Provincial
Poor cellphone network adds to herders’ woes
Pokot pastoralists in search of pasture. Residents blame frequent raids on poor communication network with security personnel as pastoralists who lose livestock resort to avenging the attack and organise to recover their animals. Photo/FILE
Posted Wednesday, March 16 2011 at 21:45
Most Kenyans acknowledge that mobile phones have revolutionised communication and have become a basic necessity.
But Mr Lomukele Kabelbos, 40, of Akoret, East Pokot District, disagrees. To him, communication using mobile phones in arid and semi-arid lands is frustrating and cumbersome.
Lack of a proper network hampers reception of signals in the region. Add to that a deplorable transport network and you get pastoralist communities on the verge of exasperation.
Transport and communication, Mr Kabelbos says, go hand in hand and if one is paralysed, the other cannot serve efficiently.
“Even reaching the district headquarters to inform security personnel of an impending security lapse takes days.
“Few of us who have phones have to cover long distances moving up the hills to locate where the device can be used,” he explains.
Posed challenges
The impassable roads and poor network connectivity for mobile phone services, the residents say, have posed challenges to the communities’ efforts to contain crime.
And now, the pastoralists want the government to invest in long term solutions to end cattle rustling and banditry.
The outcry comes barely two weeks after armed bandits raided Kulal area in East Pokot District and fled with 2,755 head of cattle after killing two herders.

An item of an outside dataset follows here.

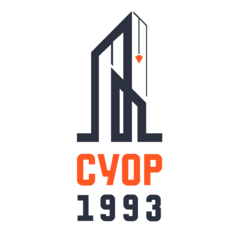 Верис проект ногинск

During food distribution at Konger trading centre in the district, the residents said response from security personnel comes too late when the attackers have long gone, all due to poor infrastructure.
The government, they said, should open up roads in the area and intensify patrols to arrest the situation that they said had retarded development in the region.
“Look at our roads. Not any type of vehicle can pass through this rough terrain that is full of rocks and dust.
“Does it mean the government doesn’t attach any economic value to areas inhabited by pastoralist communities?”asked Akoret ward civic leader Omari Kukat.
Recover animals
He cited the Kulal attacks saying the police responded after three days because even informing them that they were in danger was difficult since mobile phones are not operational in most parts of the district.
Residents blamed frequent raids on poor communication network with security personnel as pastoralists who lose livestock resort to avenging the attack and organise to recover their animals.
“We shall be branded cowards if we don’t go for our animals. Besides that, without a revenge attack, our enemies will return for more raids,” said Mr Michael Lomade.